-- PROMPT --
Copies of all lines that contain "Rear" are needed; take them from the data below.

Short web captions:
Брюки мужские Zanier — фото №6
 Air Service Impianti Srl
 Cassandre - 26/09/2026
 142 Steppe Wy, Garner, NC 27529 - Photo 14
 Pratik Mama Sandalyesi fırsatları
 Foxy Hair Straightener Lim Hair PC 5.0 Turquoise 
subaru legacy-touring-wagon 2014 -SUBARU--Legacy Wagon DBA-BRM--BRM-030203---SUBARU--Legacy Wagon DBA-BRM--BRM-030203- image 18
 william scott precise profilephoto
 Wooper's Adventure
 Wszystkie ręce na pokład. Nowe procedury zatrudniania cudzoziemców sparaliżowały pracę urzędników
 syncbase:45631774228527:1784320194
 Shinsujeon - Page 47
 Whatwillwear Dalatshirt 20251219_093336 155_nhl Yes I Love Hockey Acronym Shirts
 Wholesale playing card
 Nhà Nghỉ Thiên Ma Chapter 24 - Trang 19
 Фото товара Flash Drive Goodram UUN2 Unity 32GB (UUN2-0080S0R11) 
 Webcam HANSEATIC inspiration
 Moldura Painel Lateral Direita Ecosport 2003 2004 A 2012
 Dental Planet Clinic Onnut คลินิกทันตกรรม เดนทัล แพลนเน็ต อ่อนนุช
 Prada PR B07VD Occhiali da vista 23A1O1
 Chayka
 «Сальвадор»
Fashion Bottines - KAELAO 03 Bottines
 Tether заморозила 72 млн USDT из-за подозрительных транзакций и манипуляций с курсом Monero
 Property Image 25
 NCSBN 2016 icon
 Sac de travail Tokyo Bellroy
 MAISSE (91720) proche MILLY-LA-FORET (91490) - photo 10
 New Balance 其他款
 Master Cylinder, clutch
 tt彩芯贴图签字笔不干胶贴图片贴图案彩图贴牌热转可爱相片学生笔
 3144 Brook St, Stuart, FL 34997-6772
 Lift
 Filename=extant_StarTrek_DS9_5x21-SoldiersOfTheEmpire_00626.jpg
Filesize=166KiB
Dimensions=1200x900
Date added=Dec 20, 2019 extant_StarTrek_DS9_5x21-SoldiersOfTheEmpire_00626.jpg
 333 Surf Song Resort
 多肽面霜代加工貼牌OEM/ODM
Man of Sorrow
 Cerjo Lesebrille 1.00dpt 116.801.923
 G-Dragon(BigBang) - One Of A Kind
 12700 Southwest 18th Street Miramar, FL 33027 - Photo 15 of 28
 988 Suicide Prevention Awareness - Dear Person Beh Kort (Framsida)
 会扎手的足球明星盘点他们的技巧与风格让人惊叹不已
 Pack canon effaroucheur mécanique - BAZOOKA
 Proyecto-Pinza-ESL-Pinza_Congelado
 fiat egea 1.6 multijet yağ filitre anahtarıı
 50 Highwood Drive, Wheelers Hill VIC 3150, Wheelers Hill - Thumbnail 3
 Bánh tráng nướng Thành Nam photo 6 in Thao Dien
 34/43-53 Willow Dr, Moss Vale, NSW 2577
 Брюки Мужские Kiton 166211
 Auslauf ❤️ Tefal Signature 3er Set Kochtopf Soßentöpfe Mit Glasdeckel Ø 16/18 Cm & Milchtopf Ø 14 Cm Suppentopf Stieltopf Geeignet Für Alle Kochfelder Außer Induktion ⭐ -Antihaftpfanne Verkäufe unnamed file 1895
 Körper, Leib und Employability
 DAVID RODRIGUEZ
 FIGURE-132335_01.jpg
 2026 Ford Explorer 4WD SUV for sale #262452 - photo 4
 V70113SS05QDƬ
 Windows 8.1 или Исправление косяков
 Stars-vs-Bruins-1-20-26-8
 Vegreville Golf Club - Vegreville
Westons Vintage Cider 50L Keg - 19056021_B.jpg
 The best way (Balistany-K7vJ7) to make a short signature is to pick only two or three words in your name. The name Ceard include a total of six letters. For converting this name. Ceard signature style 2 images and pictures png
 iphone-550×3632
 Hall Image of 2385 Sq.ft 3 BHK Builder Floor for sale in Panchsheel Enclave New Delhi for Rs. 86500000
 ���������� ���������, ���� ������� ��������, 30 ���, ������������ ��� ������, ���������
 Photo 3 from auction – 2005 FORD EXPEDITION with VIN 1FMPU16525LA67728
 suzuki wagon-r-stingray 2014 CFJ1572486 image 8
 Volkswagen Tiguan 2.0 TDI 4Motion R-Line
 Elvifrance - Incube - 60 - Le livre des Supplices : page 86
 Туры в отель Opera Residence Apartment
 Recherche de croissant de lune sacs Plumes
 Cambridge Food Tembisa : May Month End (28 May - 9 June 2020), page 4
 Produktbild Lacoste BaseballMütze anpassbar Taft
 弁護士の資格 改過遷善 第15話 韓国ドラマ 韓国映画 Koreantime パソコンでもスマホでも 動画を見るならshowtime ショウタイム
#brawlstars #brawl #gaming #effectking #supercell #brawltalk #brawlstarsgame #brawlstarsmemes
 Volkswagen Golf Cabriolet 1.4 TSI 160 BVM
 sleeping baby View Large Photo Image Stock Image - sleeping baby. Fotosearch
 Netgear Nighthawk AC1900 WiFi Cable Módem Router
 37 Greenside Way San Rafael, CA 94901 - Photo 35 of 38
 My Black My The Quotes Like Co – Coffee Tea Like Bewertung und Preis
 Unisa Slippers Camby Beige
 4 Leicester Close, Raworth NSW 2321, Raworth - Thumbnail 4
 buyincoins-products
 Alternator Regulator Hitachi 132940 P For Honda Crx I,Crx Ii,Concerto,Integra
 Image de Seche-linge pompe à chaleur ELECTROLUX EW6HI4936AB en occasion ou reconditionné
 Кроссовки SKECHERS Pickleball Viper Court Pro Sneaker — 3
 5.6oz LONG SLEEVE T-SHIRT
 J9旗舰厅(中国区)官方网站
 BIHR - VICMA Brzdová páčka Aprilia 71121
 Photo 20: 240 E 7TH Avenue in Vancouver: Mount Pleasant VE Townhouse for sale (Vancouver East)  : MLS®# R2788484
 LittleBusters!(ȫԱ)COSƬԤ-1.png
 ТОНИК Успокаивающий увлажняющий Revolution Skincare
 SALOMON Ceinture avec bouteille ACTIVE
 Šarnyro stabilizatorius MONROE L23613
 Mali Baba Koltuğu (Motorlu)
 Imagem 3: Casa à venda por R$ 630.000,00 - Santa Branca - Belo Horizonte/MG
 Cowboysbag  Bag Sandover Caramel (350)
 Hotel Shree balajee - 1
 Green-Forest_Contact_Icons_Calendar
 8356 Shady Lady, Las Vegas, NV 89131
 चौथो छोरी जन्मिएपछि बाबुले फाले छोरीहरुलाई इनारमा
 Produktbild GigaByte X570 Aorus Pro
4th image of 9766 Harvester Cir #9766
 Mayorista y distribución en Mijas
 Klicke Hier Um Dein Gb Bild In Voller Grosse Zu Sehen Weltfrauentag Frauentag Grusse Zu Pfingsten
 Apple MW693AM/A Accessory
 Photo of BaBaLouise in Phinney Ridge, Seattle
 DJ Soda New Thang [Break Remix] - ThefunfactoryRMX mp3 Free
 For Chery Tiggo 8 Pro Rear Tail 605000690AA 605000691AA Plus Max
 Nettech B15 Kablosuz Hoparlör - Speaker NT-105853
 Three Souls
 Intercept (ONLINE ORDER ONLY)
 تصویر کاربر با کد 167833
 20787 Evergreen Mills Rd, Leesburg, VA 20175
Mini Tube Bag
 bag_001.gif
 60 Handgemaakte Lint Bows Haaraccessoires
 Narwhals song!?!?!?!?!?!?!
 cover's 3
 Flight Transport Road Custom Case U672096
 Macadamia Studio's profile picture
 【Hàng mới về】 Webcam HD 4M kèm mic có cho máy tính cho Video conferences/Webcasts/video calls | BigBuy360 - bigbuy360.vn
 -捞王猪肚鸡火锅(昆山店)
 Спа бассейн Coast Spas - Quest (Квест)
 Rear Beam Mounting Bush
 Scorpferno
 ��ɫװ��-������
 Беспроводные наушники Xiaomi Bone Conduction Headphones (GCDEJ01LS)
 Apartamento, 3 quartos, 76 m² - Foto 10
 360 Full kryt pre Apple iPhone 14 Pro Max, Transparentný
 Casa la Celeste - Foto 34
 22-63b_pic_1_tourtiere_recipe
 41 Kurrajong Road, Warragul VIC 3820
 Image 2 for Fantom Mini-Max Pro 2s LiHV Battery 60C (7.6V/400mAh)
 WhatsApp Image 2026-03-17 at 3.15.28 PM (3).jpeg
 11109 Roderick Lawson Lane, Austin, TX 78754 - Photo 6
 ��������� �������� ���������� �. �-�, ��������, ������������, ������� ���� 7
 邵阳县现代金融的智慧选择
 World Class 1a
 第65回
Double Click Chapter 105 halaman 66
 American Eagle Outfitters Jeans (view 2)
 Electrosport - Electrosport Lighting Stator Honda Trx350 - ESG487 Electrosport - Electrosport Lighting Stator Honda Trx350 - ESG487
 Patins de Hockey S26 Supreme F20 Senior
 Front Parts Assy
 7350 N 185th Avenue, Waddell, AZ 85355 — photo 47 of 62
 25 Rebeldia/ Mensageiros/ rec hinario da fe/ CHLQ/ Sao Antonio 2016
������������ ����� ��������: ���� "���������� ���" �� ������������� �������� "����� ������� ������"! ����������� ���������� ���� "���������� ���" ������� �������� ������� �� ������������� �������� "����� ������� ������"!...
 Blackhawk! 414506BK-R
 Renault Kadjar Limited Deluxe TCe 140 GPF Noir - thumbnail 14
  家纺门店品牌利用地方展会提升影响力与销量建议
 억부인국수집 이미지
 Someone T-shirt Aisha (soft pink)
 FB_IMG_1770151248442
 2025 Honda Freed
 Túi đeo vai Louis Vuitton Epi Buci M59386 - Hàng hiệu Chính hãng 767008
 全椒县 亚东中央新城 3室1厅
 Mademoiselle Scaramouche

-- SOLVED EXERCISE --
 For Chery Tiggo 8 Pro Rear Tail 605000690AA 605000691AA Plus Max
 Rear Beam Mounting Bush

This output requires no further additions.